Skiers and children on sleds love a slope on a snowy day, while grounds keepers dread the slopes in mowing season. Slopes are part of our landscape, and we need to deal with them.
This applies to the design of a culvert installation as well, particularly when the slope is going across the culvert side-to-side, as opposed to being along the length of the culvert. A culvert requires balanced support on the sides in order to keep it stable. Corrugated pipes are designed to carry near-uniform loads, and having an unbalanced situation may result in deflection that leads to unwanted deformation, and the pipe’s integrity being compromised. Would you do better holding a 10 pound weight above your head with your left hand and a 5 pound weight with your right hand, or holding a 15 pound box with both hands?
Also, a culvert becomes a void form, which may reduce the stability of the backfill near the toe of the slope. A relatively small amount of soil on one side will have a difficult time supporting the load from the other side!
There are guidelines to address limitations for the slope, and they are related to the size of the culvert, the amount of backfill covering it, and whether or not the slope is constant across the culvert.
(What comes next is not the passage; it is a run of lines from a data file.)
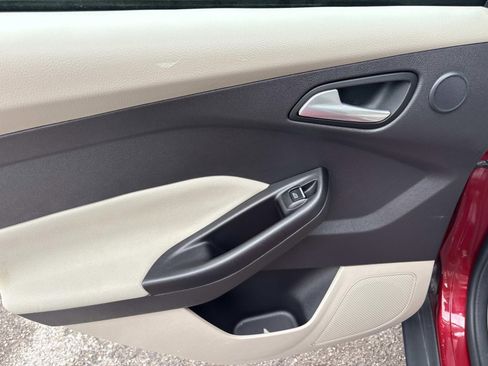 Used 2015 Ford Focus Electric Hatchback image 17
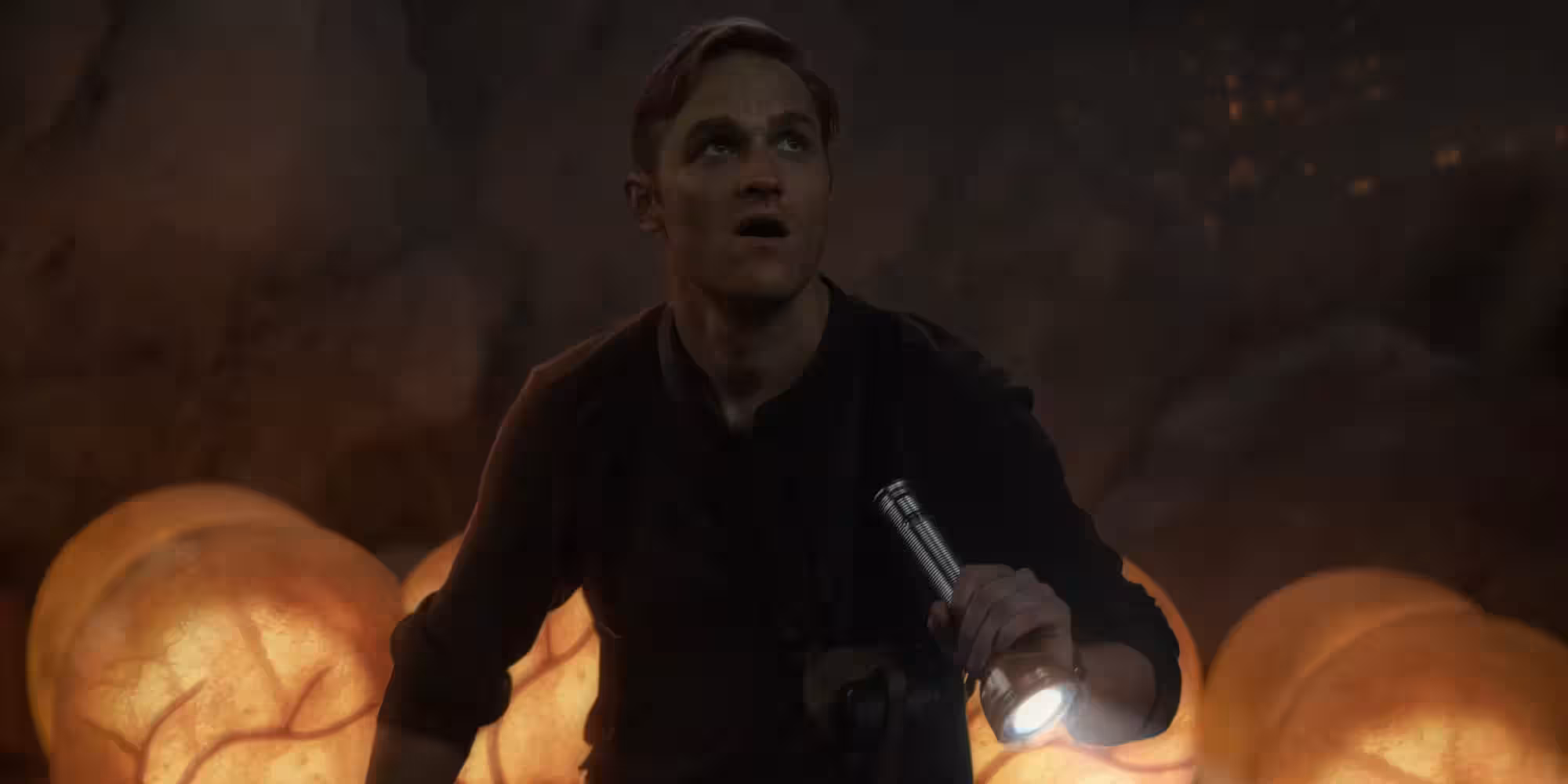 Уайатт Расселл в роли Ли Шоу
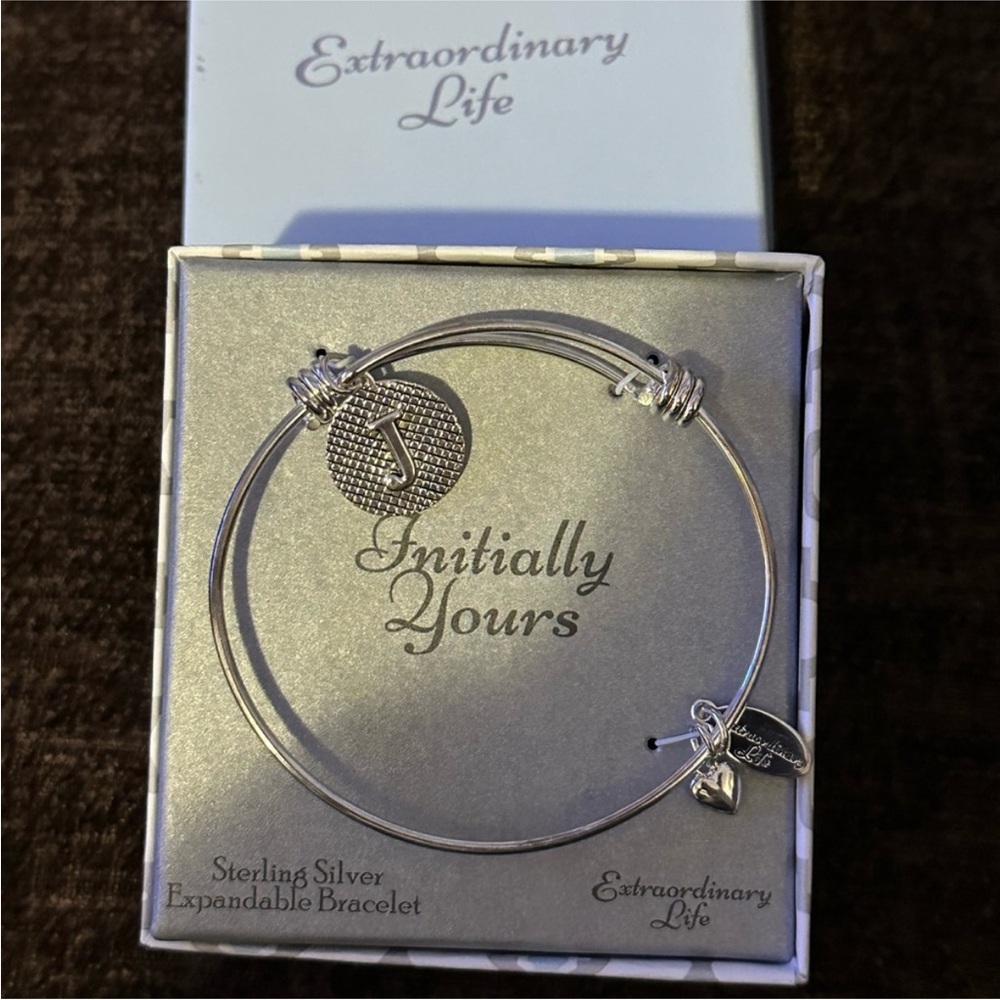 Charm bracelet Extraordinary Life sterling silver J charm bracelet - Picture 6 of 7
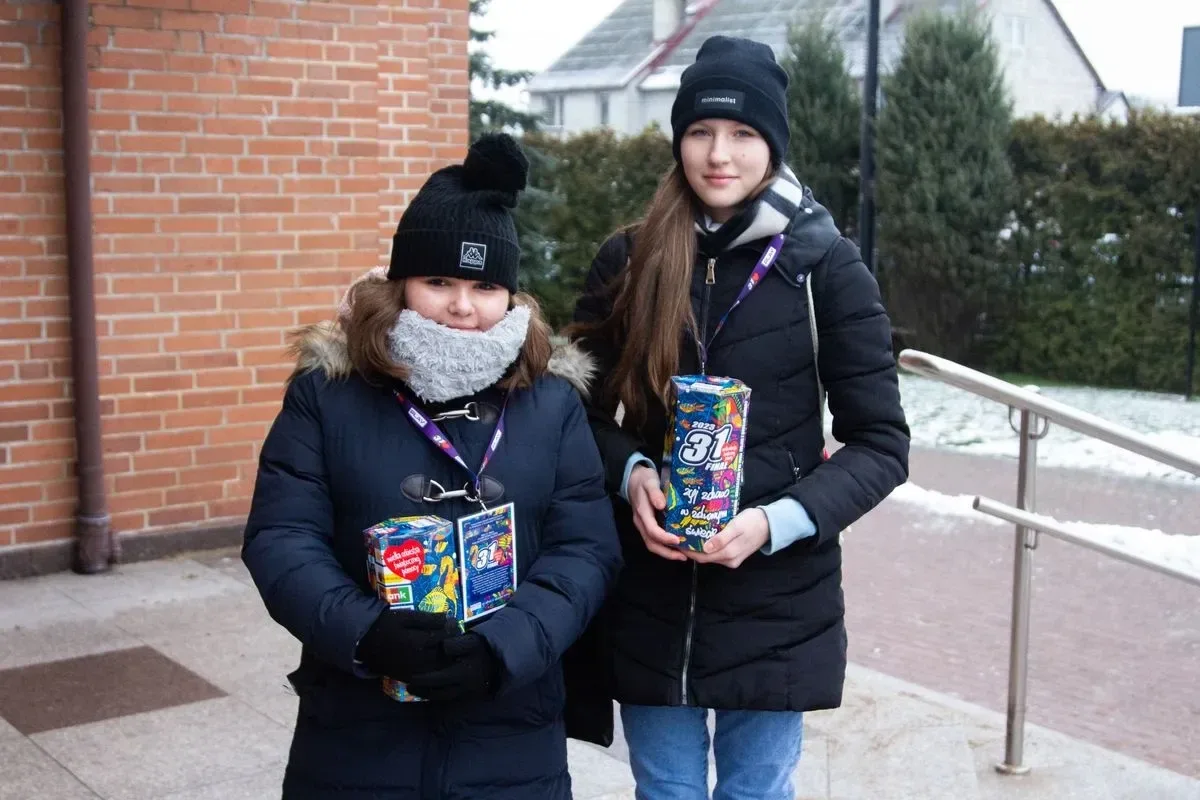 Kwesta po mieście i licytacje stacjonarne podczas 31. Finału WOŚP w Ostrowi Mazowieckiej (zdjęcia)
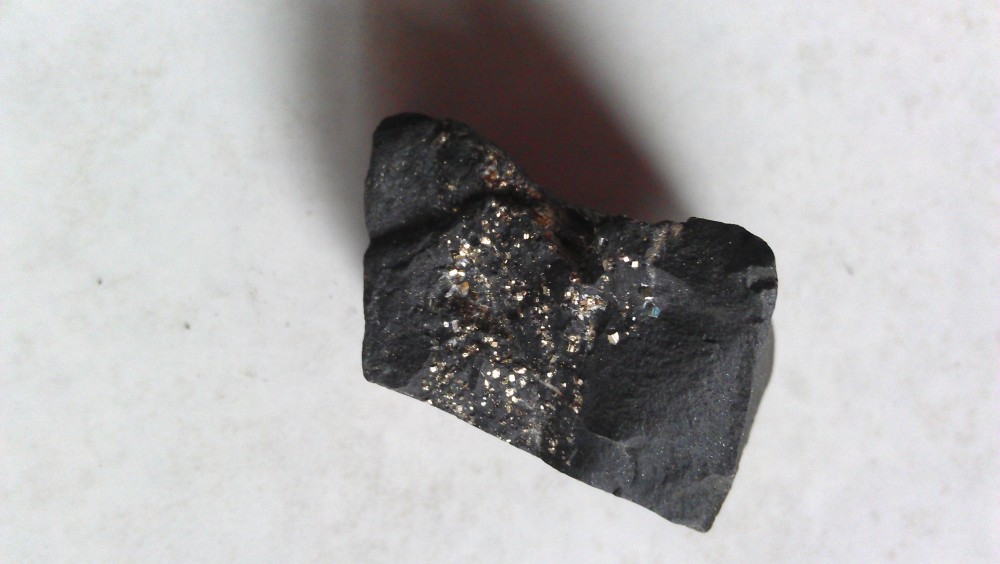 Inclusion pyrite 2 (Magland).jpg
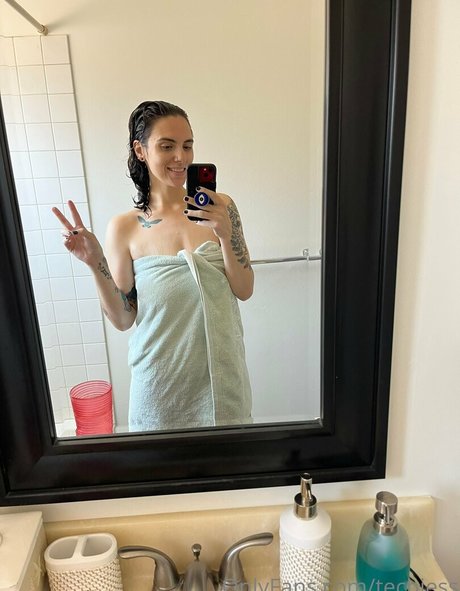 techjess hot star archive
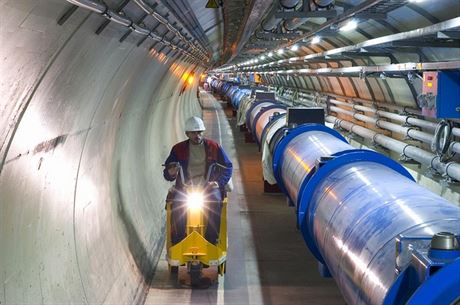 Nejvtí pýchou enevského CERN je urychlova Large Hadron Collider (LHC).
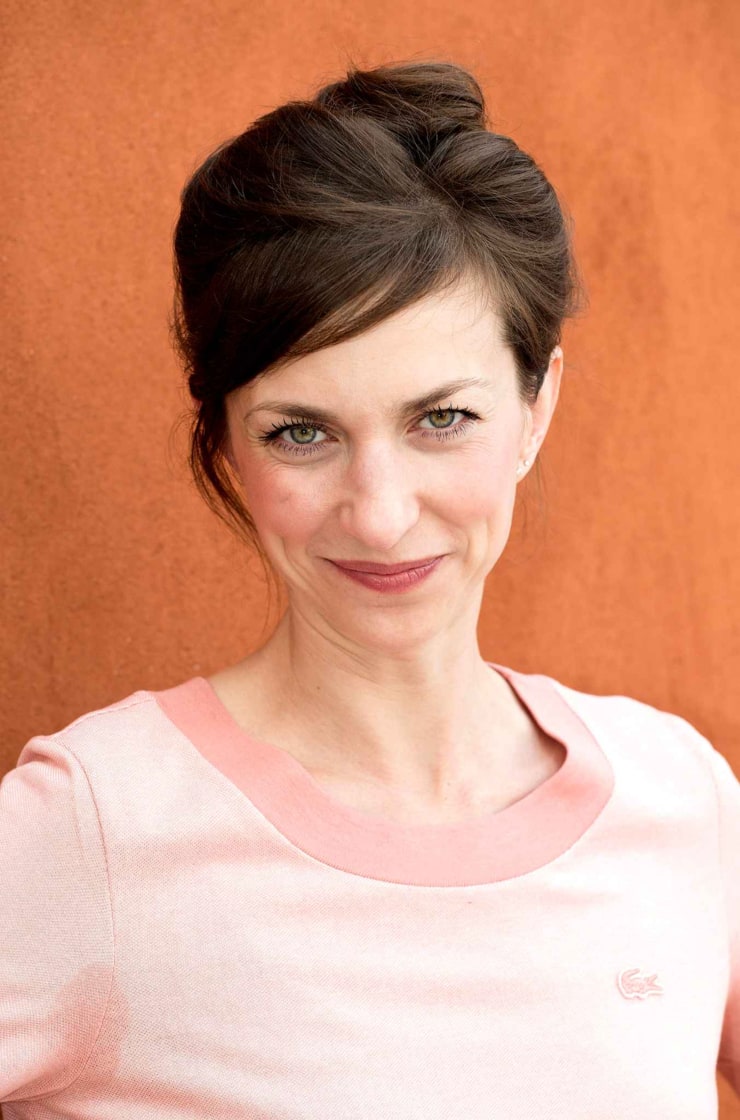 Émilie Caen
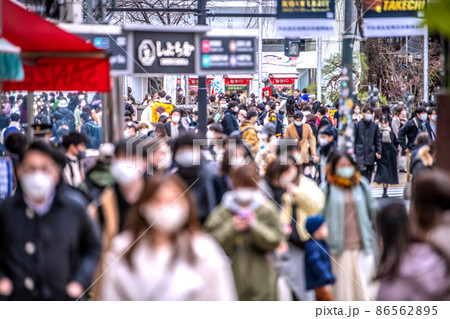 日本の東京都市景観 8万9145人全国・重症者1134人。東京1万7526人日曜最多…＝6日、渋谷 86562895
A slope may be steeper at a distance away from the sides of the culvert if it is relatively level across the top and nearby sides. Proper choice of backfill material and its compaction is also key to a successful installation. Also, ensure that the finished grade does not erode. We want the kids to have a smooth sled ride, and we want the culvert to stay stable!
Finally, seriously consider shaping or warping the grading contours if possible so that the slope is minimized and balanced support is provided for stability.